Notes from a Small Island, by Bill Bryson (@McClellandBooks) #seenreadingTO
Sunday, April 10, 2011 at 9:00AM Southbound, Greenwood and Dundas
Caucasian female, early 60s, with short grey hair, wearing red-framed glasses, long black trench coat and green and red silk scarf.
Notes from a Small Island, Bill Bryson (McClelland & Stewart)
Page 72:
Knowing already of the town's carefully nurtured reputation for gentility, I moved there in 1977 with the idea that this was going to be a kind of English answer to Bad Ems or Baden-Baden - manicured parks, Palm Courts with Orchestras, swank hotels where men in white gloves kept the brass gleaming, bosomy ladies in mink coats walking those little dogs you ache to kick (not out of cruelty, you understand, but from a slmple, honest desire to see how far you can make them fly). Sadly, I have to report that almost none of this awaited me.

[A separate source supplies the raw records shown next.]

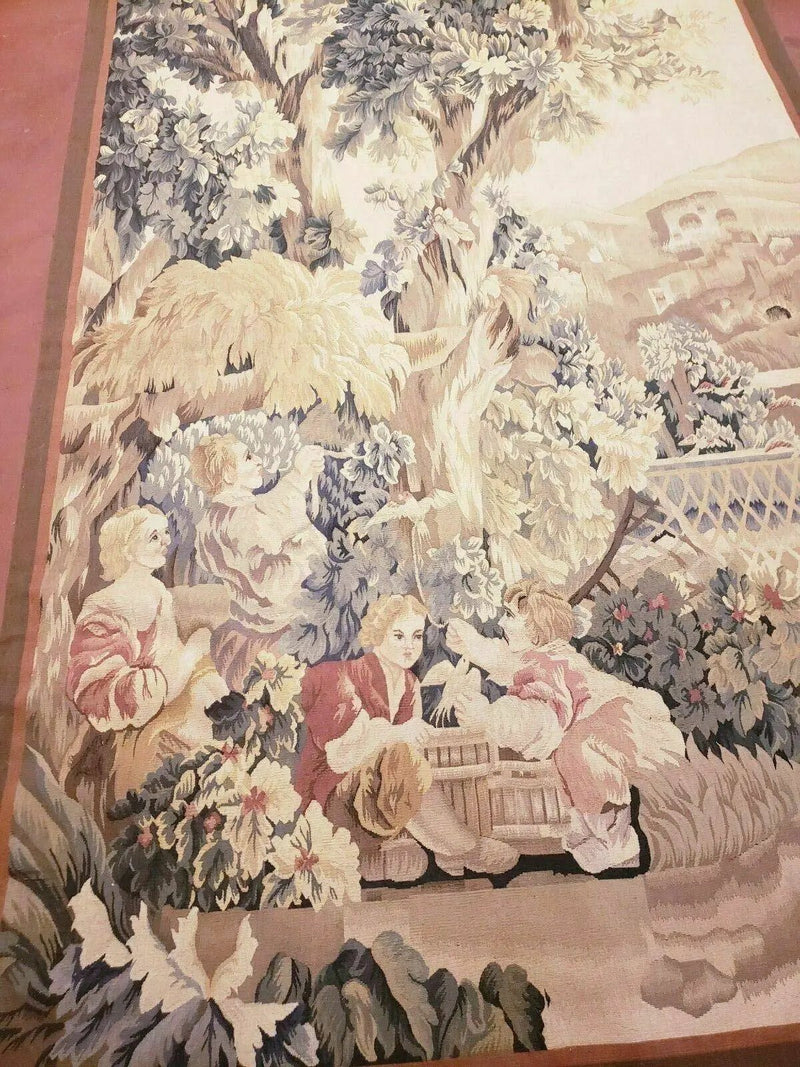 4' X 6' Tapestry French Design Handmade Aubusson Weave Nature One Of A Kind by Jewel Rugs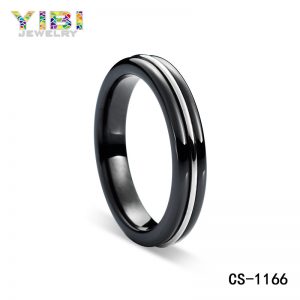 Classic Women High-tech Ceramic Silver Ring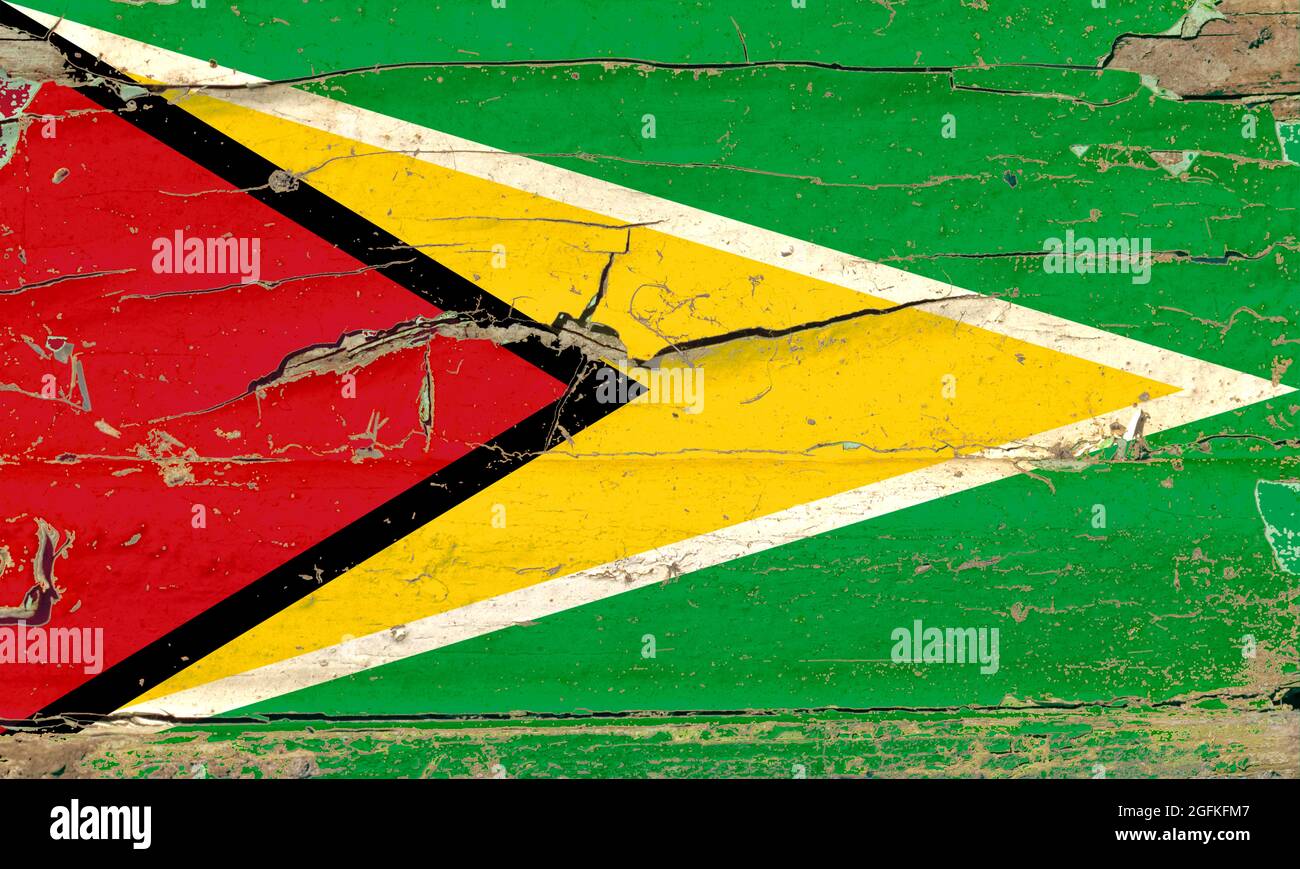3D Flag of Guyana on a old wood wall background Stock Photo - Alamy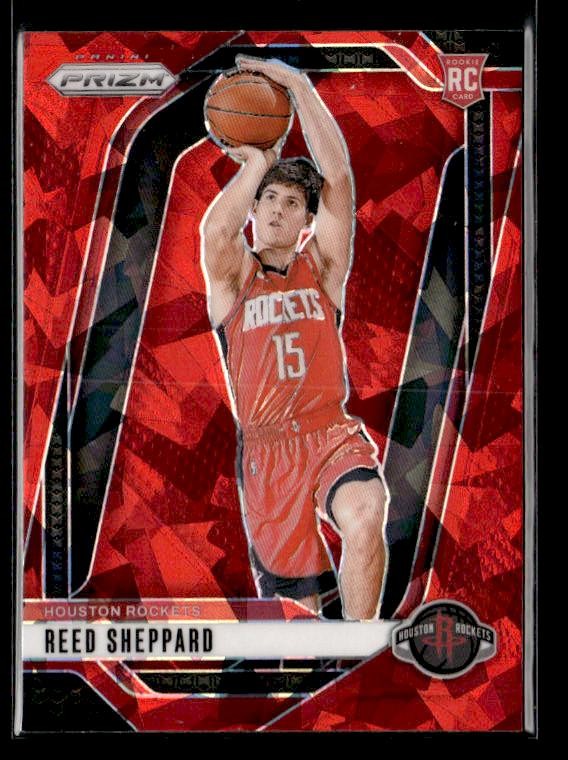 2024-25 Panini Prizm #268 Reed Sheppard Rookie Prizm Red Ice Houston Rockets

She was at the age now of the mother of that author, the one who wrote a family column on raising a son as a single mother, trying to date while starting a new novel and the recent addition of her mother living steps away in the converted garage. It had been her study for years, but now it housed the woman the author described "as alien to me as if she'd fallen from the stars, beyond the stars, far beyond the stars where it's common sense to wear a cable-knit sweater on a summer day, and, judge me if you will, all I could imagine in that moment was her head facedown in the sand, my hand holding her in place, catching just a few solitary moments of sunshine against my bare shoulders." At the time, it had horrified the woman. She'd always been coldblooded and dreaded the day her own child might resent her for needing to layer. But there was something to be said about these small dogs, their neighbour's in particular, no bigger than the base of a compost bin.